The backpropagation algorithm computes the gradient of the cost function faster. The backpropagation computes the partial derivative of the cost function with respect to any weight or bias in the network. To compute the partial derivatives of cost function with respect to weights or bias it is necessary to compute the error which is related to partial derivatives. Weights will learn slowly if either the input neuron has low activation or if the output neuron is saturated due to high or low activation. The implementation of backpropagation algorithm can be improved to improve the way the network can learn. The techniques include: choice of cost function and four regularization methods (L1 and L2 regularization, dropout and artificial expansion of training data). These techniques generalize the network beyond training data, a better method to initialize weights and to choose better hyper parameters for the network. The neural networks can compute for any complicated function. Though the networks cannot be used to exactly compute any function, an approximation for the function is obtained. Increasing the number of hidden neurons improves the approximation. The hidden neurons try to output step function. By adjusting the weight and bias the step function can be obtained, usually the weight is set to large value. The position of the step is directly proportional to bias (b) and inversely proportional to weight (w).

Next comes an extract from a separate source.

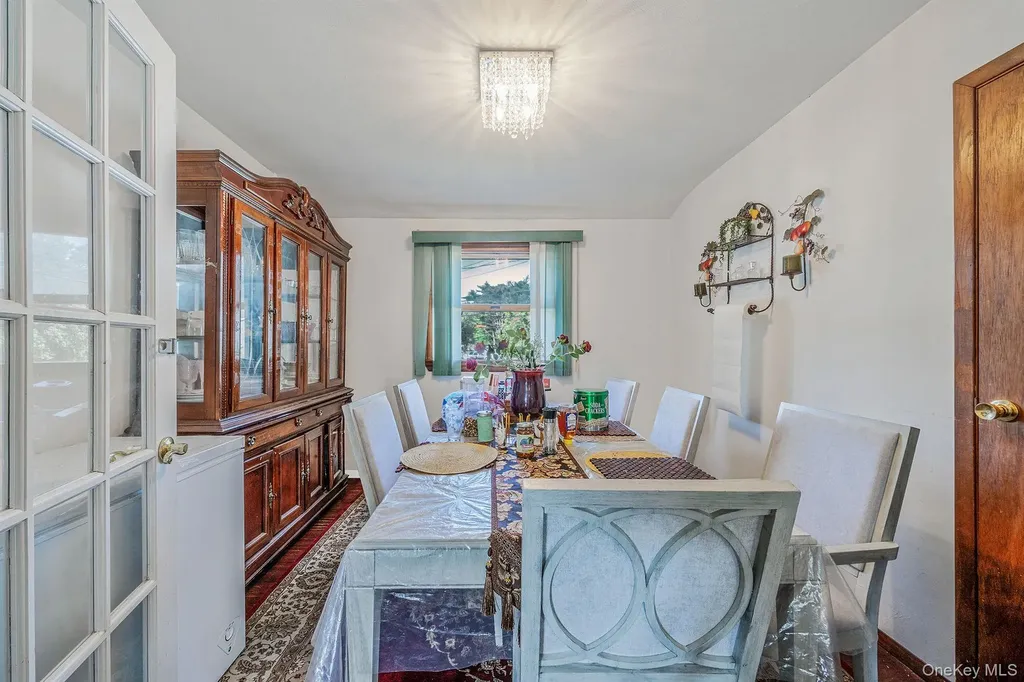 1 Winthrop Street Islip NY 11751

  Convolutional Neural Networks (CNN) are fast are fast to train and well adapted to classify images. It uses three ideas: local receptive fields, shared weights and pooling. CNN are adapted to translational invariance. Which means it doesn't matter where the object is, but as long as the object is in the image networks say that there is an object regardless of its position. The map from the input layer to hidden layer is called feature map. The weights and bias defining the feature map is the shared weight and bias. This shared weights and bias is called kernel or filter. CNN contain pooling layers. It also known as sub-sampling or max-pooling layer.
     The time varying behavior of a neural network is known as Recurrent Neural Network (RNN). Where the activations in the hidden and output neurons is determined by the current and earlier inputs. Because of unstable gradient problem, training with RNN is very difficult. The gradient becomes smaller and smaller as it is propagated back through time which makes the learning extremely slow. If the network runs for a long time it makes the gradient extremely unstable and hard to learn. This problem is solved by using Long Short Term Memory Units (LSTM).

Programming:
Though am not good in programming I just tried to use a simple code to denoise an image by using plain Multilayer Perceptron (MLP). The image was corrupted by Additive White Gaussian Noise (AWGN) with sigma 25. The programming language is MATLAB. The plain MLP has patch size 17 with 4 hidden layers and size 2047. I observed that by increasing the capacity, training set and patch size, MLP obtains better performance. Also, I was surprised to see that the program was very fast and completed within few seconds.

Conclusion:
Taking this course helps me understand the basic concepts very clearly, how the algorithm works, the parameters role in training the network, how performance can be increased by tuning the parameters and many other details about the network. This course is very interesting and was very useful for my research. I was able to understand and correlate what I learnt with the real world applications. I was amazed at this technology how it works with applications like apple’s siri and google apps.